Keep INPUT_DATA_DIR set to the repo root for every shell that invokes the CLI; otherwise the DB ends up scattered per-cwd (see the warning at lib/tracking/decorators.py:65-75).

6. Backup policy¶

[PLACEHOLDER: document the backup cadence (suggested: hourly during business hours, daily otherwise), retention window (suggested: 30 days of timestamped copies plus monthly archives), the cron job or systemd timer that produces the backups, and the on-call owner who is responsible for verifying it.]

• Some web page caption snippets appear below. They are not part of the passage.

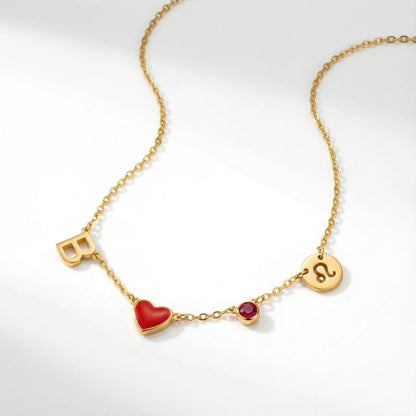 COLLIER AVEC INITIALE EN FORME DE CŒUR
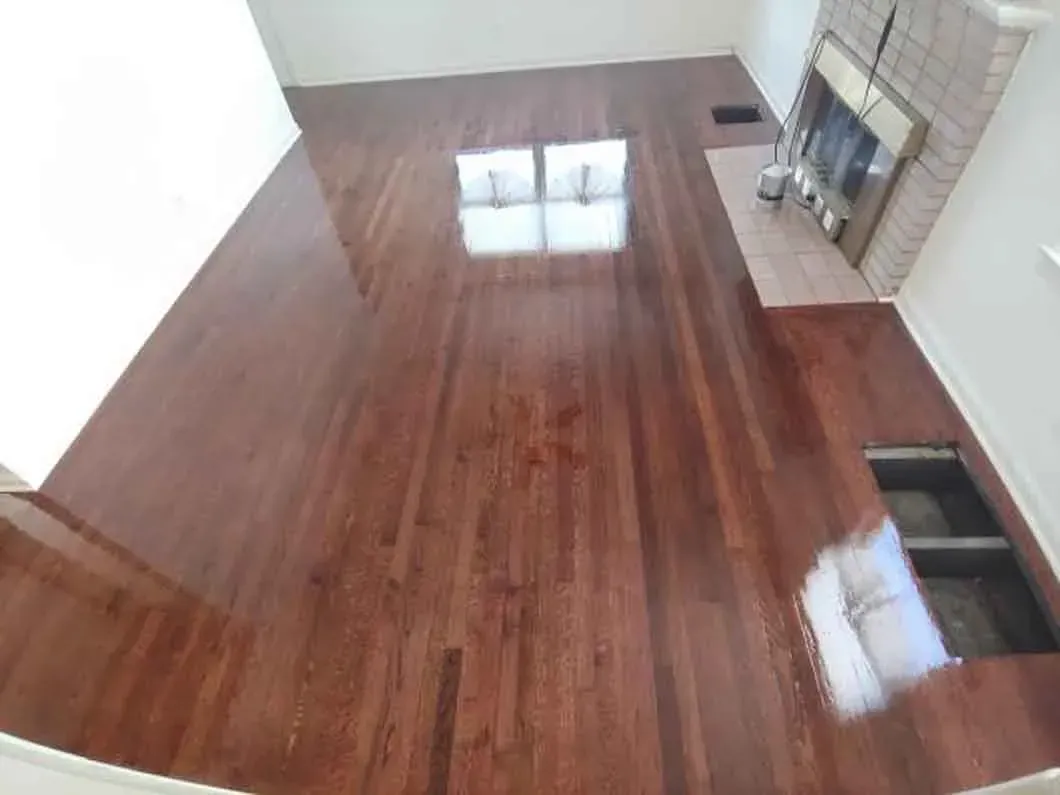 Empty room with glossy wood floor, white walls, and two small floor vents near a fireplace.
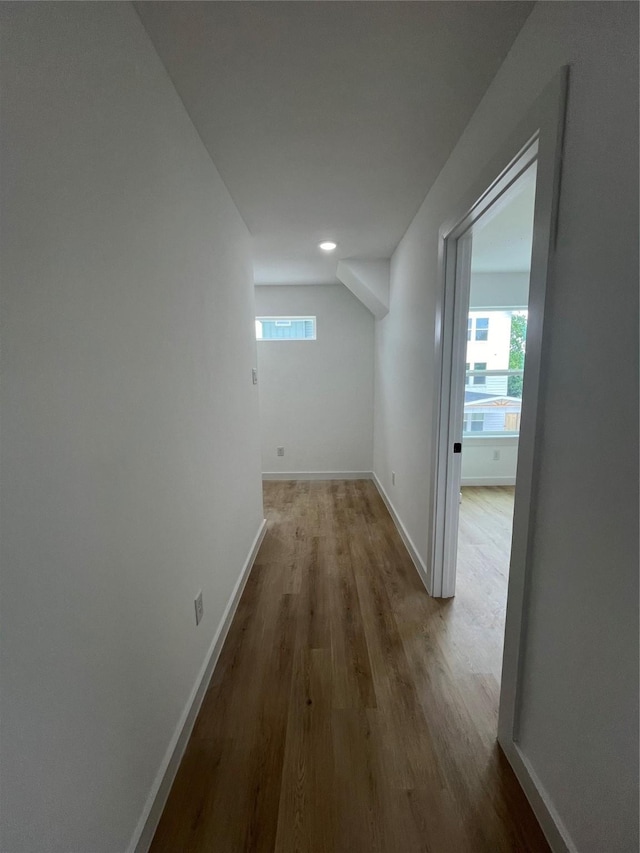 8605 Wileyvale Rd, Houston, TX 77016 - hallway featuring wood finished floors and baseboards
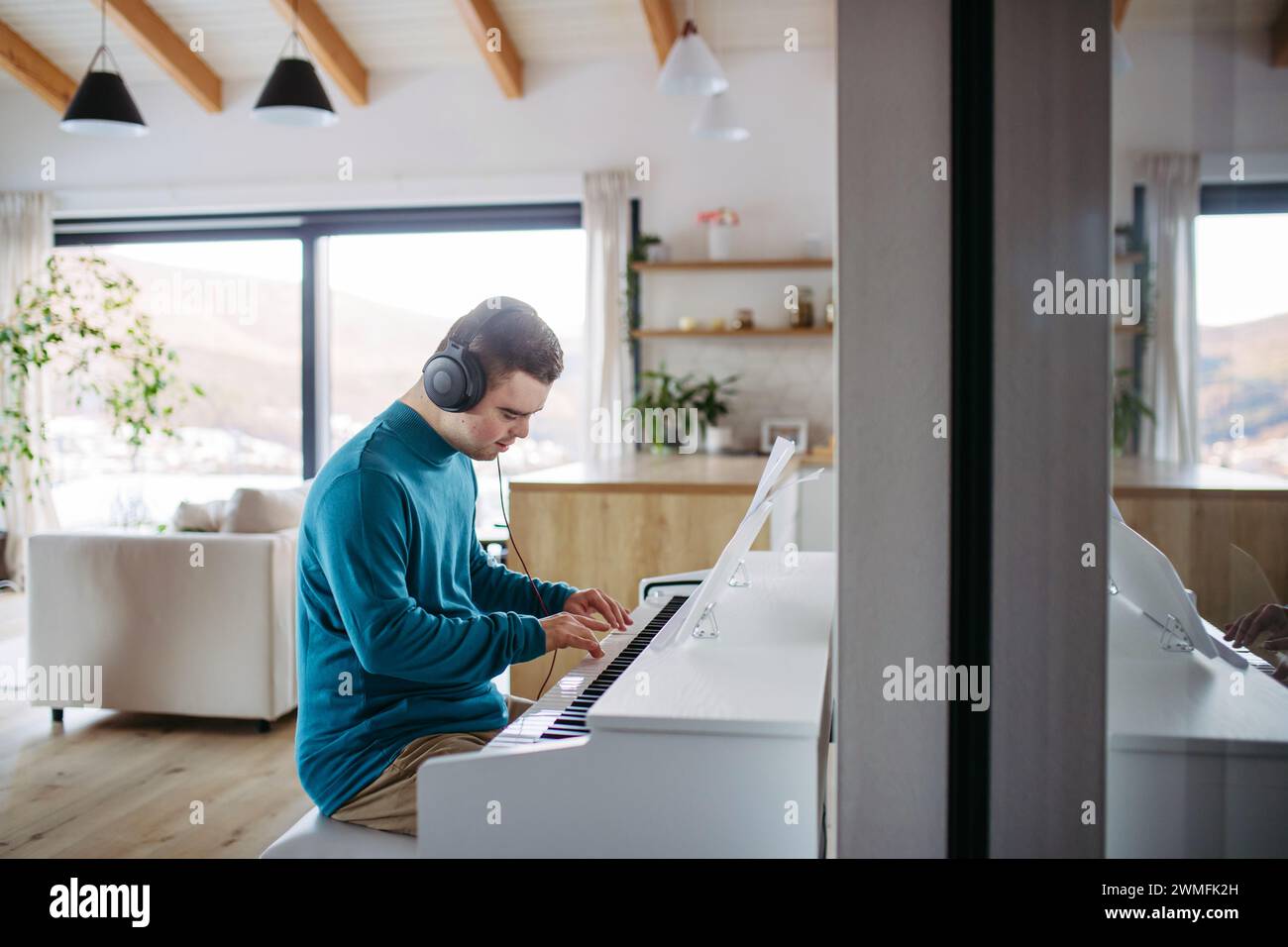 Junger Mann mit Down-Syndrom, der am Klavier spielt und seine Musik über Kopfhörer hört. Stockfoto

The naming convention to preserve is the one already in use in the repository: mlruns.db.bak-YYYYMMDD-HHMMSS, UTC. The reference example present in the worktree is mlruns.db.bak-20260506-091937. Any automation that produces backups must:

Copy with cp -a (preserve timestamps) or use sqlite3 .backup for an online-safe copy (https://www.sqlite.org/cli.html#special_commands_to_sqlite3_dot_commands_):
```
sqlite3 mlruns.db ".backup 'mlruns.db.bak-$(date -u +%Y%m%d-%H%M%S)'"
```
.backup is the supported online-backup command and is safe to run while writers are connected; a plain cp of a file with active writers can capture a torn page.
Write the backup next to mlruns.db at the repo root so this runbook finds it via ls mlruns.db.bak-*.
Log the backup timestamp to [PLACEHOLDER: slack_channel] so on-call knows the freshness window during an incident.